Exercise description -> Reproduce exactly the lines of the material beneath, from the line that contains "Sudadera de béisbol" to the line that contains "2016 Peterbilt 579", both included, and no other lines.

Input for this task ->

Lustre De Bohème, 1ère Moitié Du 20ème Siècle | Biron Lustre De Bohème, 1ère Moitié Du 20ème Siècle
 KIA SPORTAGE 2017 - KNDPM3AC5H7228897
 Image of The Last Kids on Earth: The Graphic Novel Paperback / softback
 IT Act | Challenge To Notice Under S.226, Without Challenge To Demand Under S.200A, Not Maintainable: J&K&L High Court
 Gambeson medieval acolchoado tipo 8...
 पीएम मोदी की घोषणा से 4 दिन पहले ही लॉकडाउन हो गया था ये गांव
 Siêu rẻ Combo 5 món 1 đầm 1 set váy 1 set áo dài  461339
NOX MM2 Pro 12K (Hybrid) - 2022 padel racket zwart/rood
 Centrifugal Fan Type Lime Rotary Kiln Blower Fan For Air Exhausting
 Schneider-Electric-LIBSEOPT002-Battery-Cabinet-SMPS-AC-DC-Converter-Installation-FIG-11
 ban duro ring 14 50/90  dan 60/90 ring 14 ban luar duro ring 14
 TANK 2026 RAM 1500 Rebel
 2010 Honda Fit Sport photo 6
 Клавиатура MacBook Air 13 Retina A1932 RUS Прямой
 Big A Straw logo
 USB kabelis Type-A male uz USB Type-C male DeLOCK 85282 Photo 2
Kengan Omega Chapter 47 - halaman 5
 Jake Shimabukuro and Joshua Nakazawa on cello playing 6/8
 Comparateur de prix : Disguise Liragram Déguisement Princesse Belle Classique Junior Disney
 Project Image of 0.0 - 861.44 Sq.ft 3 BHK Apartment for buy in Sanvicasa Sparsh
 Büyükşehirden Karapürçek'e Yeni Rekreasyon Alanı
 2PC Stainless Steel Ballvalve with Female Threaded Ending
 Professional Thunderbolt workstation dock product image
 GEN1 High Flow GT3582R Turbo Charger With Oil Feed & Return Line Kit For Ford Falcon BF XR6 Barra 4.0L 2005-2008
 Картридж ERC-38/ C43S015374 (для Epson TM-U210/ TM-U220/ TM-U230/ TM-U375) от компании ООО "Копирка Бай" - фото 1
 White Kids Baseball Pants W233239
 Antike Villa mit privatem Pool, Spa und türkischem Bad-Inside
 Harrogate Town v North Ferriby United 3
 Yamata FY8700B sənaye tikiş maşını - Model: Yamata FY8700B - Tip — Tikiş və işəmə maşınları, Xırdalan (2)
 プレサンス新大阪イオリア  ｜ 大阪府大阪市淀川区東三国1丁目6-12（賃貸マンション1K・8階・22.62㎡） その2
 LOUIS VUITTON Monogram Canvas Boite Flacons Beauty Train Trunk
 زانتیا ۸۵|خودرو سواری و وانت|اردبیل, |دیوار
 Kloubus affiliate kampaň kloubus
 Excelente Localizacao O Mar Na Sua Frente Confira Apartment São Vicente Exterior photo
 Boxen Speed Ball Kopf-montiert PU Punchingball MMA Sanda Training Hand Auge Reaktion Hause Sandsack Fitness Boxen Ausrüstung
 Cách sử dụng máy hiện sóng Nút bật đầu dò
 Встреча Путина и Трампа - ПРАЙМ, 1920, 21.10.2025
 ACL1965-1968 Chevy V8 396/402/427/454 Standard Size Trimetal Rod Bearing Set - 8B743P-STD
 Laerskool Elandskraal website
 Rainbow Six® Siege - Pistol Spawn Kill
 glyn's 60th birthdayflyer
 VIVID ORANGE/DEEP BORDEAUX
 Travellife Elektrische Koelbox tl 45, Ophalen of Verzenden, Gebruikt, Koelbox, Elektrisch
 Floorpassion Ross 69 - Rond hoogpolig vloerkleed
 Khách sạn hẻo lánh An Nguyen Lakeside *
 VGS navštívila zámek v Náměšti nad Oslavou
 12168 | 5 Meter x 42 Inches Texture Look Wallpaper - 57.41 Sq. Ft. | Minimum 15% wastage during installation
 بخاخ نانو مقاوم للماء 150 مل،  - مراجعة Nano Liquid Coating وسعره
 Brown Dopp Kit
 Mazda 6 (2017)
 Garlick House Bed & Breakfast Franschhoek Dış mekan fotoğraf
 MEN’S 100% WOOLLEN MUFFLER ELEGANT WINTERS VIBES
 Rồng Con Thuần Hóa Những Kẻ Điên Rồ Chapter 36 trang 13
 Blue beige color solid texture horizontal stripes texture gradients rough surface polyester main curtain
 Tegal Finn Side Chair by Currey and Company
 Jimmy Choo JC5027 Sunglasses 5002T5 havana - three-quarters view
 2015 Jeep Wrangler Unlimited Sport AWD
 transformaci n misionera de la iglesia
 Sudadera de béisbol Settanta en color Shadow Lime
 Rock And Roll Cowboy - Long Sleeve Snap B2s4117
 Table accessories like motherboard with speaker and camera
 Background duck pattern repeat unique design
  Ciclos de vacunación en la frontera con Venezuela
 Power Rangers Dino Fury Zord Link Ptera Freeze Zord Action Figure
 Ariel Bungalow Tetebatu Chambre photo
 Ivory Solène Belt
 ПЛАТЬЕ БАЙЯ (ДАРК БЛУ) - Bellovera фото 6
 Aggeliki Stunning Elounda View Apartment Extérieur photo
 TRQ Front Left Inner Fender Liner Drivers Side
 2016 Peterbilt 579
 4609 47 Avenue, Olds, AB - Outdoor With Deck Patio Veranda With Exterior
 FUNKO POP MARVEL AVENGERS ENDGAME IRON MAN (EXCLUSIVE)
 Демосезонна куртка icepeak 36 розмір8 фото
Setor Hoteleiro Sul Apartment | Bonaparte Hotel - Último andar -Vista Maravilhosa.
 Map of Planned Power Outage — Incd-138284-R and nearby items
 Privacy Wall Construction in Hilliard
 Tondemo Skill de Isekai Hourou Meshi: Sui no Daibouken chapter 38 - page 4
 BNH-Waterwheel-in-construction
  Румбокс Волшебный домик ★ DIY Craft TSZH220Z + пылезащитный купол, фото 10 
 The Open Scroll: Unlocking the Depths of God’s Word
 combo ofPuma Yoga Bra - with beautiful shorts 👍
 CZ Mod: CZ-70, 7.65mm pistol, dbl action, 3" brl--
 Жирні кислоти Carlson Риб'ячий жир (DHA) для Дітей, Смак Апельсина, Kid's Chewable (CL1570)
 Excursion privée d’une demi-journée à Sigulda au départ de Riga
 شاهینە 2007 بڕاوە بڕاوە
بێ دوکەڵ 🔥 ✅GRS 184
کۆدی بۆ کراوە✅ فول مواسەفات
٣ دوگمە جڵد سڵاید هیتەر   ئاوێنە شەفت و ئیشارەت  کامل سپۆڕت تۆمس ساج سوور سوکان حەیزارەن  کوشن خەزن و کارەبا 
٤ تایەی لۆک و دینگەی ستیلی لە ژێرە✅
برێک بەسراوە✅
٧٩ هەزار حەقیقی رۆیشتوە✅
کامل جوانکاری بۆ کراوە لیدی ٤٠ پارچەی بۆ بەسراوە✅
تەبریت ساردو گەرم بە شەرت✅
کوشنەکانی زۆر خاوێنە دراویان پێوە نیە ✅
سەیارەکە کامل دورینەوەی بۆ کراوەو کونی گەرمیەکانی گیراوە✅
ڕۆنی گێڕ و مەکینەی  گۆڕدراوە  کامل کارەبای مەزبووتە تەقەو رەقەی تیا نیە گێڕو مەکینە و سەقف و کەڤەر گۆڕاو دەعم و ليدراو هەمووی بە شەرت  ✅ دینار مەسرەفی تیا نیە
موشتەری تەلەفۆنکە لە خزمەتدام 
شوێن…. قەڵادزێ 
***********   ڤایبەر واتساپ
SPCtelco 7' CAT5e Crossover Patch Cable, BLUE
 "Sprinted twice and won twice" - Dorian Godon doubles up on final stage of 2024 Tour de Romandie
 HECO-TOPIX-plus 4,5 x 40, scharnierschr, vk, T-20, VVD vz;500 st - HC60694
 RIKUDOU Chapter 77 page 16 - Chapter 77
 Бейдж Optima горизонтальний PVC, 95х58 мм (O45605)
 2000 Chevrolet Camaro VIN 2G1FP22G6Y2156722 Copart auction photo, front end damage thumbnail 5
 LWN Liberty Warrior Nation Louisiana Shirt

Exercise answer ->
 Sudadera de béisbol Settanta en color Shadow Lime
 Rock And Roll Cowboy - Long Sleeve Snap B2s4117
 Table accessories like motherboard with speaker and camera
 Background duck pattern repeat unique design
  Ciclos de vacunación en la frontera con Venezuela
 Power Rangers Dino Fury Zord Link Ptera Freeze Zord Action Figure
 Ariel Bungalow Tetebatu Chambre photo
 Ivory Solène Belt
 ПЛАТЬЕ БАЙЯ (ДАРК БЛУ) - Bellovera фото 6
 Aggeliki Stunning Elounda View Apartment Extérieur photo
 TRQ Front Left Inner Fender Liner Drivers Side
 2016 Peterbilt 579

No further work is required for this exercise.